**Input records**
------------

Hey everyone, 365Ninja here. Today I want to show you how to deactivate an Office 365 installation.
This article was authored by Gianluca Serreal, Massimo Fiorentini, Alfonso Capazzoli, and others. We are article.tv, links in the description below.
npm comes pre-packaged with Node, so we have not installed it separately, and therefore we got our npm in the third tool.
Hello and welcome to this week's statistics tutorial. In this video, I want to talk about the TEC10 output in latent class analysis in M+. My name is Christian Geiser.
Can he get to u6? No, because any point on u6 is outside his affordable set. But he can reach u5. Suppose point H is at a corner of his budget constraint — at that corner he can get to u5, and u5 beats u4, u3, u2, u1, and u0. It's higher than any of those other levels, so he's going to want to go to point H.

------------

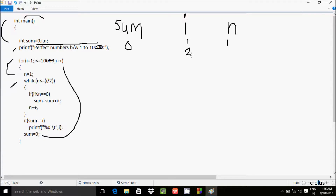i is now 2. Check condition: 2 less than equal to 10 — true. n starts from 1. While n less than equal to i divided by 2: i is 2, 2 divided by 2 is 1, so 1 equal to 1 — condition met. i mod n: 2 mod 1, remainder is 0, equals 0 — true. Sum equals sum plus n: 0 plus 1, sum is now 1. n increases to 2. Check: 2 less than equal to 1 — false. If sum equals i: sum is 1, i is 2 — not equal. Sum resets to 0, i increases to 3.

------------

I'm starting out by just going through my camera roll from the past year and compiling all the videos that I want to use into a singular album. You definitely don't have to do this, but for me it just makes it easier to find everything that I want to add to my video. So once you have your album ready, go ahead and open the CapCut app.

------------

Taking the lines above, repeat exactly those from the line that contains "Hey everyone, 365Ninja" through the line that contains "Hello and welcome", and both of those lines as well. Include nothing else.

Hey everyone, 365Ninja here. Today I want to show you how to deactivate an Office 365 installation.
This article was authored by Gianluca Serreal, Massimo Fiorentini, Alfonso Capazzoli, and others. We are article.tv, links in the description below.
npm comes pre-packaged with Node, so we have not installed it separately, and therefore we got our npm in the third tool.
Hello and welcome to this week's statistics tutorial. In this video, I want to talk about the TEC10 output in latent class analysis in M+. My name is Christian Geiser.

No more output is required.